Dans cette exposition, Corine Borgnet nous présente une œuvre, consacrée à des portraits d'artistes effectués à partir de photos d'enfance... édifié un Mémorial aux cent visages.

 Toujours en perpétuelle métamorphose, la pertinence du travail de Corine Borgnet se trouve dans sa capacité de mettre en présence l'autre au travers de son moi omniprésent, cela lui permet d'aborder la relation au corps, corps de l'autre transformé par le moi de l'artiste 


 Son travail évolue essentiellement autour des notions d’identité, identité physique qui se transforme avec l’âge et sur la redéfinition de nous-même que cette transformation engendre nécessairement.

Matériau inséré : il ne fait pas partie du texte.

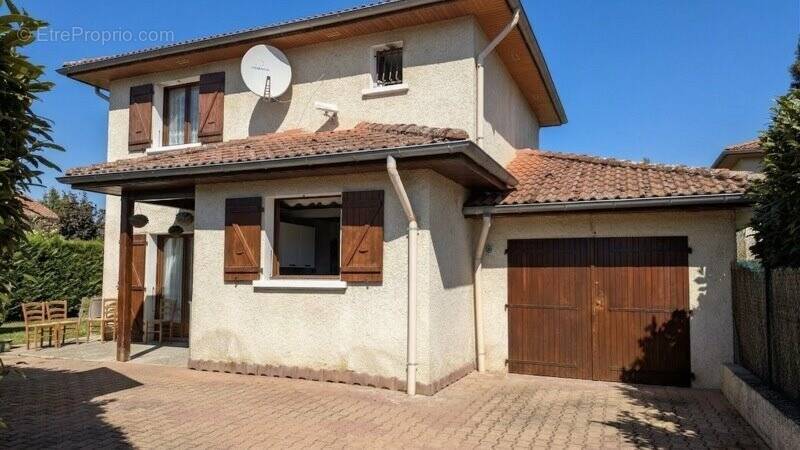 Maison à LA TOUR-DU-PIN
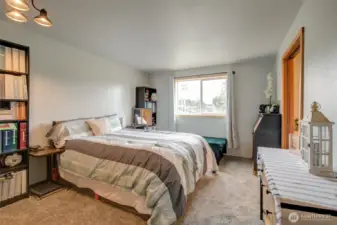1st Floor Primary with full bath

 Le corps est essentiel. Elle l'examine, l'observe, l’interroge .C’est aussi par ce biais qu'elle construit son rapport à l'autre. C'est en fait d’altérité dont il est toujours question dans le travail de cette artiste: se définir soi-même dans son rapport à l'autre et cette notion apparaît comme le fil conducteur de tout un univers.

 Le choix des portraits d’artistes semble s’imposer naturellement : Corine Borgnet le dit elle-même  «… puisqu’on utilise le même langage visuel pour s’exprimer… quelles sont les barrières?… la seule, entre l’autre et moi, n’est que cette peau… qui nous définis comme individu et, en même temps, nous sépare. »  

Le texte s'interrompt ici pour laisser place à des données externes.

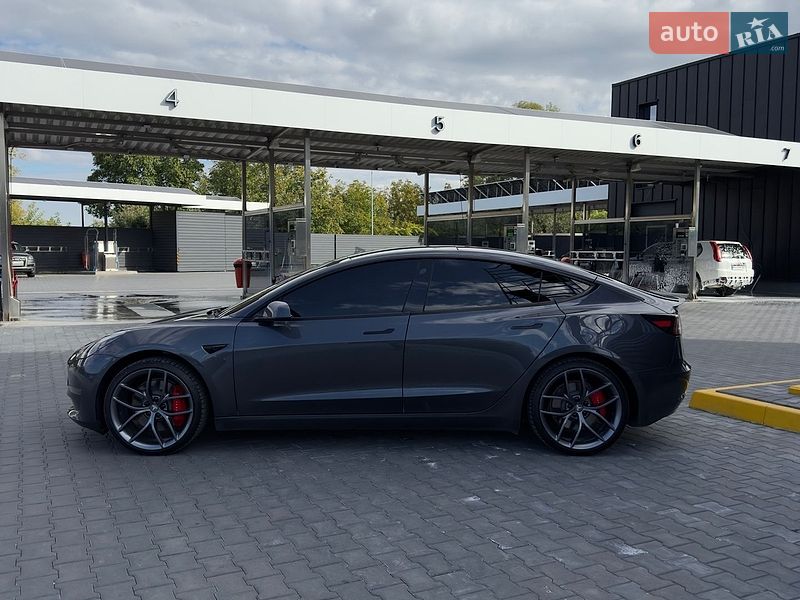 Седан Tesla Model 3 2022 в Кам'янець-Подільському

 Dans cet ensemble de portraits, il y a ceux qui sont fidèles à l’image et ceux qui le sont moins. Construit  en une variation de gris jusqu’au blanc du papier avec des nuances de rose. Cette couleur qui évoque cette peau qui nous est propre. Ce derme,  que l'artiste s'ingénie  à ouvrir, transformer et qui finalement enveloppe ces portraits, occupe une place omniprésente dans les tableaux.

 Trouver une ressemblance entre la photo de jadis, ce que l’artiste était dans son jeune âge, et maintenant s’avère important… cette métamorphose du visage de l’autre, l’artiste en puissance, devait garder des traces afin que Corine puisse transmettre l’expression... connaître, reconnaître…              

 En 2001 dans son installation « La Tour de Babel »  Corine Borgnet a reconstruit  la  fameuse tour en collectionnant des post-it rédigés dans autant de langue possible. Ces messages personnels, jetables, écrits par d'autres pour un autre ont permis l'édification d’une nouvelle Tour de Babel . Pour réaliser cet œuvre, Corine Borgnet a dû, lire et trier ces messages qui ne lui sont pas adressés… ces messages, notes, pensés des autres sont devenu les briques de son édifice, sa matière première de construction. Recycler une partie déjà consommée et rejetée de la vie quotidienne des autres dans une œuvre vivante et parlante

 Dans cette même mouvance, Corine  Borgnet aujourd’hui  édifie  un « Mémorial » regroupant des artistes de toutes nationalités. Toujours les autres, les comprendre, les fouiller en quelque sorte, sans violence, mais plutôt avec beaucoup d’attention. Quelque part, Corine œuvre à  les rapprocher, à chercher cette altérité  « le caractère de ce qui est autre » ou la reconnaissance de l’autre dans toute sa différence.